Asda’s second-quarter numbers are unsurprisingly disappointing, yet the 7.5% dip in like-for-likes is perhaps heftier than anticipated.

They’ve been disappointing for quite some time now, with the key caveat that like-for-like sales growth was not a key objective for the previous regime – or parent company Walmart – as Asda instead prioritised the bottom line and the balance sheet.
Market leader Tesco has already shown us what can happen when a business prioritises the shareholder over the shopper, and a similar narrative has played out at Asda.
A lot of fat has been cut from the business, but there are several signs that the scalpel-wielding went a little too far and started encroaching on the muscle too.
This echoes the scenario in Walmart in the US, where scrimping and saving on payroll was excessive and the departments that really matter to shoppers – such as produce, proteins and service counters – started suffering, as did availability and standards across the rest of WalMart’s sprawling Supercenters.
So, the agenda now turns back to driving the top line at Asda.
“A lot of fat has been cut from the business, but there are several signs that the scalpel-wielding went a little too far and started encroaching on the muscle too”
No question, this will be a long-haul process and will require a lot of thought and no small measure of investment.
Some of this investment will inevitably be in price as Asda attempts to continue narrowing the gap with Aldi and Lidl. Hopefully, Asda will use this as an opportunity to restore some clarity to its pricing.
On paper, Asda’s everyday low price stance should be the clearest proposition for a shopper to understand.
Problems with price
Instead, recent months have seen an escalation in promotional activity, meaning that Asda’s price structure has become relatively complex in contrast to Tesco and Sainsbury’s, who have both simplified their promotional mechanics over the last year or so.
Today, Walmart has reasserted that “driving sales through strategic price investments” will continue at Asda, although it highlighted other agenda items such as improved availability and assortment discipline and further cost streamlining.
“For me, the biggest issue is quality, or at least the perception of it”
Walmart chief executive Doug McMillon concluded: “While our turnaround will take time, I’m confident in the new leadership team there and want to assure you we’re addressing this with urgency.”
For me, the biggest issue is quality, or at least the perception of it.
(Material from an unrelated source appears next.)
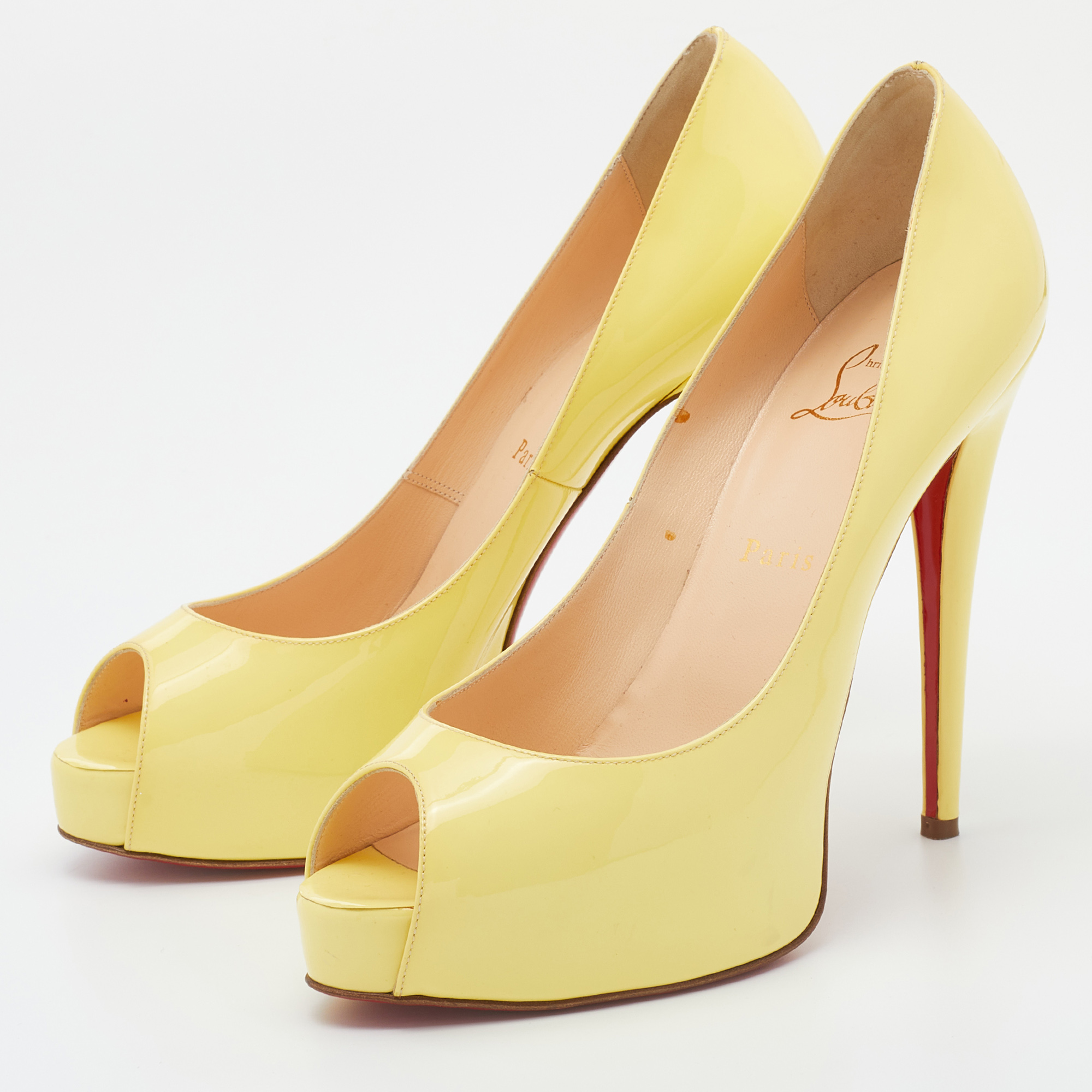 

Christian Louboutin Yellow Patent Leather New Very Prive Pumps Size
Our shopper research indicates that Asda has the lowest quality perception of the big four and my suspicion would be that recent advertising endeavours have done little to correct what I would regard as being a significant gap between perception and reality.
Asda is actually a decent place to shop and its private-label assortment is genuinely impressive in terms of depth and quality.
Lessons from China
New boss Sean Clarke did a very good job of bolstering the reputation of Walmart China in terms of produce quality, while not losing any of the retailer’s low price DNA – a track record that could augur well as Asda seeks to reinvent itself.
I’ve been impressed by what I’ve seen in terms of new thinking around big stores, and also by the category work that has landed in meat and chilled.
There are some important categories that need reworking – notably bakery and produce – but some early iterations here are encouraging.
If the changes to ranging and merchandising are all backed up by appropriate payroll investments, then Asda should be back on the front foot before too long.
The next challenge will be attracting lapsed Asda shoppers back into the stores to see for themselves the very real improvements that have been taking shape.